Bias in any data set means that the results (and thus how you interpret those results for decision making) are skewed one way or the other.

This is a challenge when collecting any sort of data and efforts must be made to eliminate or reduce bias as much as possible.

Let’s say you wanted to uncover the most important issues faced by people in your country, but you only asked middle-aged, male, white collar workers in leadership positions within food manufacturing companies, then your results would only reflect the opinions of those individuals (who aren’t likely to have a very diverse view of the world).

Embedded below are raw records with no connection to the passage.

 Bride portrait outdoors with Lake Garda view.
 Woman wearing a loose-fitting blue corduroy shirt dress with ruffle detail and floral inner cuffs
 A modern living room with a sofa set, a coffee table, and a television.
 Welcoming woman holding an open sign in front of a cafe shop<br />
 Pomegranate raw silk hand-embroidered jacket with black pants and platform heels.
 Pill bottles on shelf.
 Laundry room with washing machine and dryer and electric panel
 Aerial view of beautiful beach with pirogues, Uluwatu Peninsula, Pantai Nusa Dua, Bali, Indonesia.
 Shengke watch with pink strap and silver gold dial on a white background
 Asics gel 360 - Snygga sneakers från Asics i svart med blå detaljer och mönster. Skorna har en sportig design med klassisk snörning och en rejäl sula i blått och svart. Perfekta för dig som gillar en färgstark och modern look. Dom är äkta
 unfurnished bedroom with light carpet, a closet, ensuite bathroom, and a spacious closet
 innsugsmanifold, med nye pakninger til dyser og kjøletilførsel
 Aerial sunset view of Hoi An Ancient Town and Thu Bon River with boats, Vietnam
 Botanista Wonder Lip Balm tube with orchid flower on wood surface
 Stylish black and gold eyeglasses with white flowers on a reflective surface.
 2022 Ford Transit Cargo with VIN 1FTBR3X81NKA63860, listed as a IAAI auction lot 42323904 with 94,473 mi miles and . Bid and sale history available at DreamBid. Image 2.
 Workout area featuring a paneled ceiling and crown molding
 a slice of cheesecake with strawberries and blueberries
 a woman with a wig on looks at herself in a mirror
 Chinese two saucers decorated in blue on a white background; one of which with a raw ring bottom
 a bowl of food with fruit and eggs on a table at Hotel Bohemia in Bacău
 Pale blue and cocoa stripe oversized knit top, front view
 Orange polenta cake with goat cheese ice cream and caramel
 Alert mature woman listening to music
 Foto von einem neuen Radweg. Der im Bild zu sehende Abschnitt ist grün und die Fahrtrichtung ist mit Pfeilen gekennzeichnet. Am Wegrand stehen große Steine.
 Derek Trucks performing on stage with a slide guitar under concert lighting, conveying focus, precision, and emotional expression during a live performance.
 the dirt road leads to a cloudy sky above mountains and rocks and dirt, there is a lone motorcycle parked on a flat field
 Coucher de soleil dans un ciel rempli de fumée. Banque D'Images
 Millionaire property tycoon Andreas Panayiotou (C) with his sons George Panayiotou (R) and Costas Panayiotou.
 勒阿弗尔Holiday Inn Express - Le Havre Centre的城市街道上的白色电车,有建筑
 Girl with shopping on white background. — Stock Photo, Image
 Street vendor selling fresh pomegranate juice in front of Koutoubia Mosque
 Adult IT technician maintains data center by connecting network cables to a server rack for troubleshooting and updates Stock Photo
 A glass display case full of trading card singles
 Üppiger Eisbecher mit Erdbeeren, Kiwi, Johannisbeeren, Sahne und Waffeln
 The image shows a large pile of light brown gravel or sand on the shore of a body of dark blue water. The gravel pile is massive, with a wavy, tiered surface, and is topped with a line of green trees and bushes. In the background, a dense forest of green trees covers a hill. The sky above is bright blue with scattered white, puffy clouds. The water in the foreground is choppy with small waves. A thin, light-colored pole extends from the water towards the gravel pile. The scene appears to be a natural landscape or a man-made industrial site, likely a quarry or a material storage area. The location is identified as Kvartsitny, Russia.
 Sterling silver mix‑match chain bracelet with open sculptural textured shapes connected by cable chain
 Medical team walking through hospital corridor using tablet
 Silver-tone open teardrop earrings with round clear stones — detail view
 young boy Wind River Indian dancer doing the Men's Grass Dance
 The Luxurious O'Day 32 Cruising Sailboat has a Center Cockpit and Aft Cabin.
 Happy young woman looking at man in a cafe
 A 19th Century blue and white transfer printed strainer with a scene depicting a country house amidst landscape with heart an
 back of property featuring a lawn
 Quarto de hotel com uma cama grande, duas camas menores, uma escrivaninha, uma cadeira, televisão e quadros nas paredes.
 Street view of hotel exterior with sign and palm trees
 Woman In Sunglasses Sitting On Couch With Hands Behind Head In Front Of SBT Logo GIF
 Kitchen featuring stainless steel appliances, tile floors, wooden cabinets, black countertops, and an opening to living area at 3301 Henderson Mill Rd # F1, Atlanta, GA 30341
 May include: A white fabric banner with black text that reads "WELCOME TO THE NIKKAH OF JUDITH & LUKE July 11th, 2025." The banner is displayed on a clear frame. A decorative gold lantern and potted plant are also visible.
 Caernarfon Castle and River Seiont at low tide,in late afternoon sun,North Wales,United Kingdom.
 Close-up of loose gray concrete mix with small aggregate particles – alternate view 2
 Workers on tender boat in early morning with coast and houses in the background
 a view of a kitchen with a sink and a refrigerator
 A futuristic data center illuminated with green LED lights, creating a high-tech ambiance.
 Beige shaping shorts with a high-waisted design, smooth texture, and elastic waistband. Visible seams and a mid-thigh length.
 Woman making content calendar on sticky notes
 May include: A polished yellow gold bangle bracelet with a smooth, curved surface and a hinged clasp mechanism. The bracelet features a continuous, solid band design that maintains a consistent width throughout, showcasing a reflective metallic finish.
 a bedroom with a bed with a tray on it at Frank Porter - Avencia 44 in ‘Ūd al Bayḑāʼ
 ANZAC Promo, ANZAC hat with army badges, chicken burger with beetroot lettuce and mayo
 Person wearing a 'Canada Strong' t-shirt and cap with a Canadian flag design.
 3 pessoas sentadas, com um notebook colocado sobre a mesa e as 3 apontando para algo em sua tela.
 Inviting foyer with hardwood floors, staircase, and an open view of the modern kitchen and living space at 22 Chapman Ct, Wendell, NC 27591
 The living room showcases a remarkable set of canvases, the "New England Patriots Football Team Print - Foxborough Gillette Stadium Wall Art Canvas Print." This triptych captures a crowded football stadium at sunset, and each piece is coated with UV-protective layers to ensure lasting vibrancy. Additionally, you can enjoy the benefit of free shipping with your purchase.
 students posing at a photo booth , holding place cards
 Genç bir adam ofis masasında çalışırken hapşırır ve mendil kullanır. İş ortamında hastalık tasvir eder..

The same goes for any team or brainstorming discussion, you have to be aware of how the chosen methods can bias the answers and opinions you get towards a subset of the people.

Extrovert bias:

Generally speaking, those with a preference for extraversion will be more comfortable and are more likely to voice their opinions out loud during a brainstorming session. Conversely, those with a preference for introversion are less likely to speak up during a group discussion.

In any group discussion we can only discuss the points that are raised by those in the room. If those who feel comfortable enough to talk aloud are the only ones to raise discussion points (generally those with a preference for extroversion) then your ideas and discussion points will be biased towards their perspective.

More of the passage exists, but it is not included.